WHAT YOU ARE ASKED TO DO: What should be copied is the stretch of entries below from the line with "Indoor dining area" up to and including the line with "Orange-gloved hand beside", exactly and without images.

PROVIDED INFORMATION:
**********
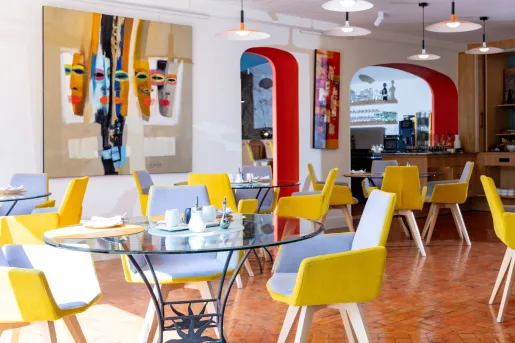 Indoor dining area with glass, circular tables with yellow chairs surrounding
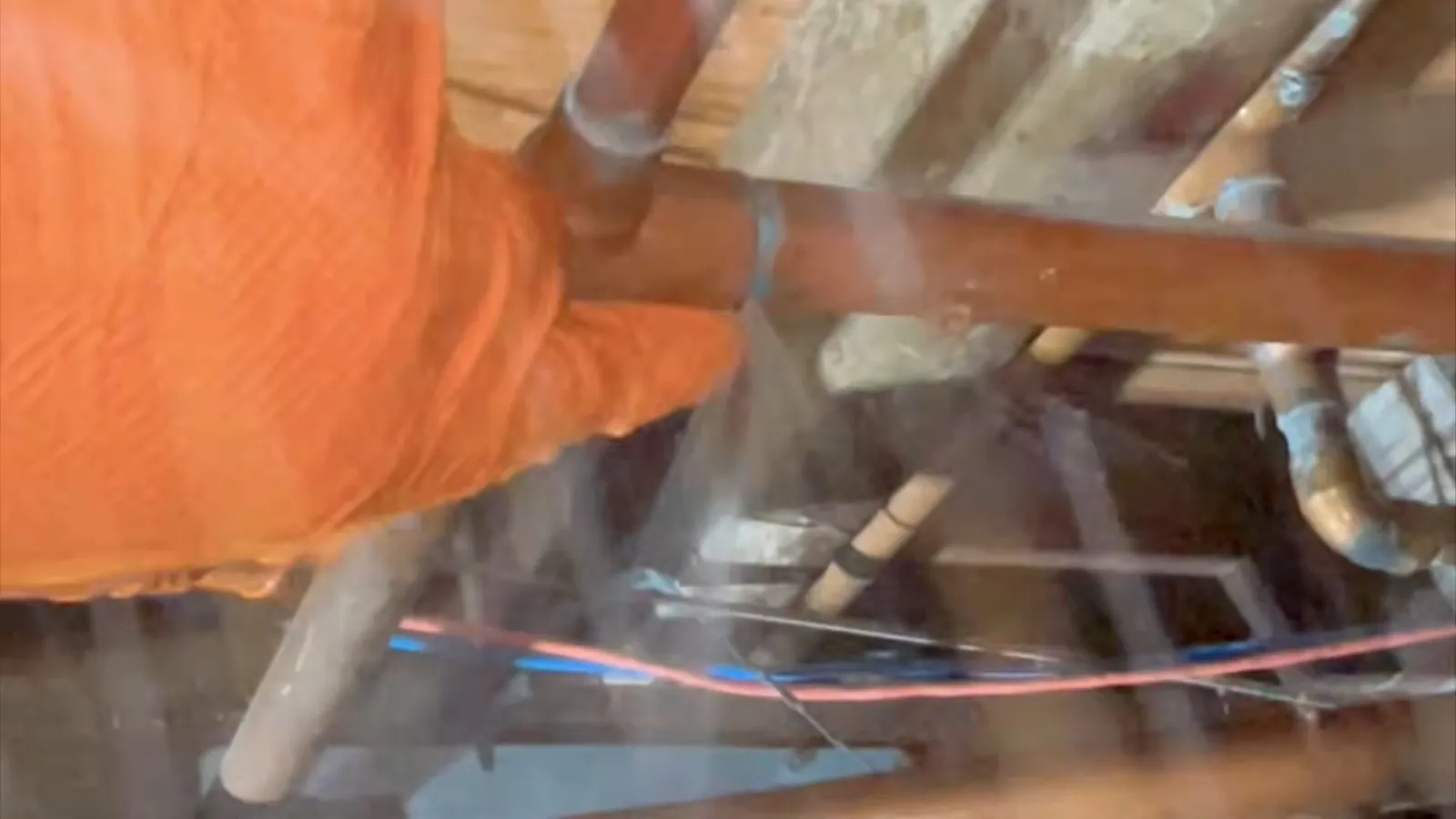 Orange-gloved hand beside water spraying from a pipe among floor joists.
**********
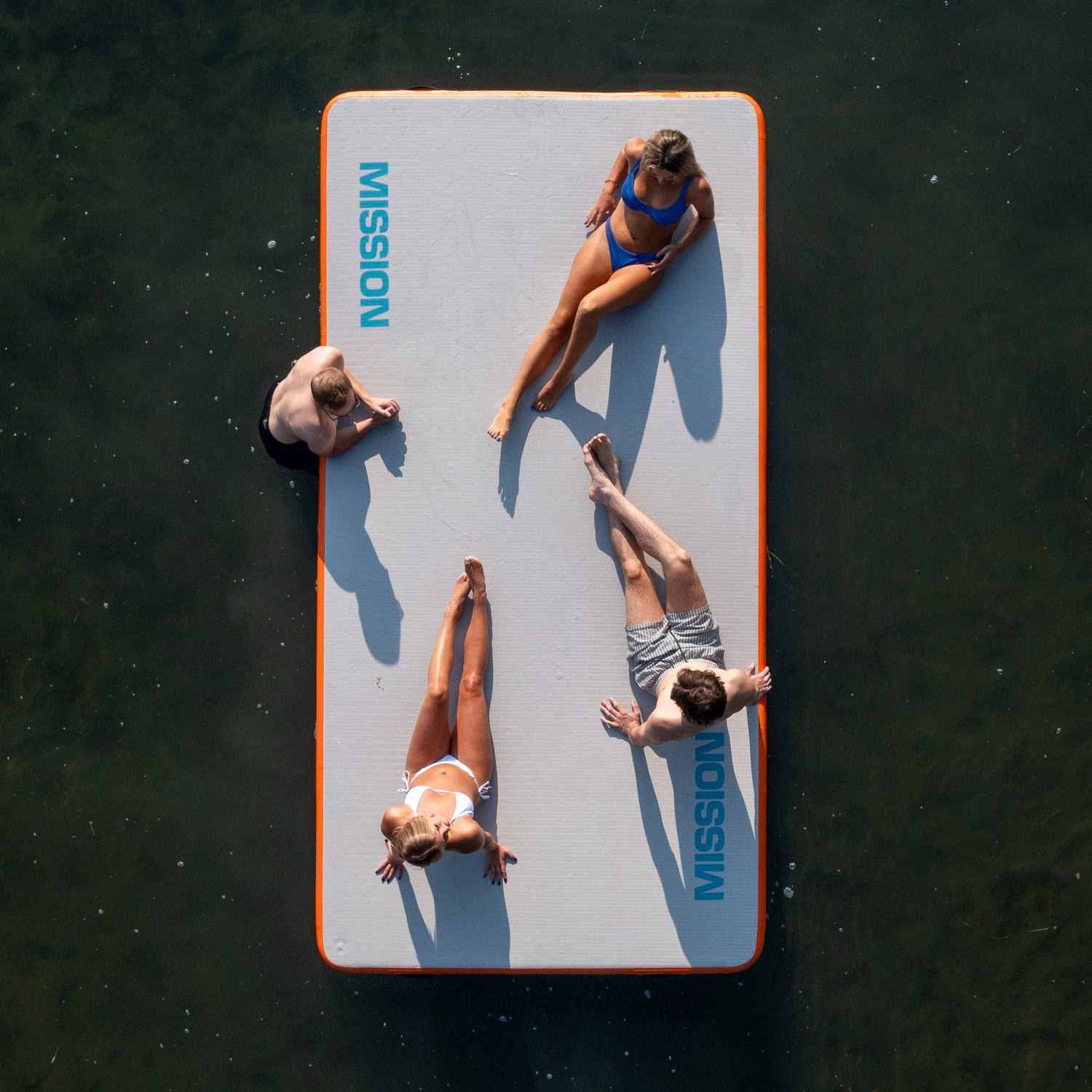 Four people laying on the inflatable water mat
**********
RESPONSE TO THE EXERCISE:
 Indoor dining area with glass, circular tables with yellow chairs surrounding
 Orange-gloved hand beside water spraying from a pipe among floor joists.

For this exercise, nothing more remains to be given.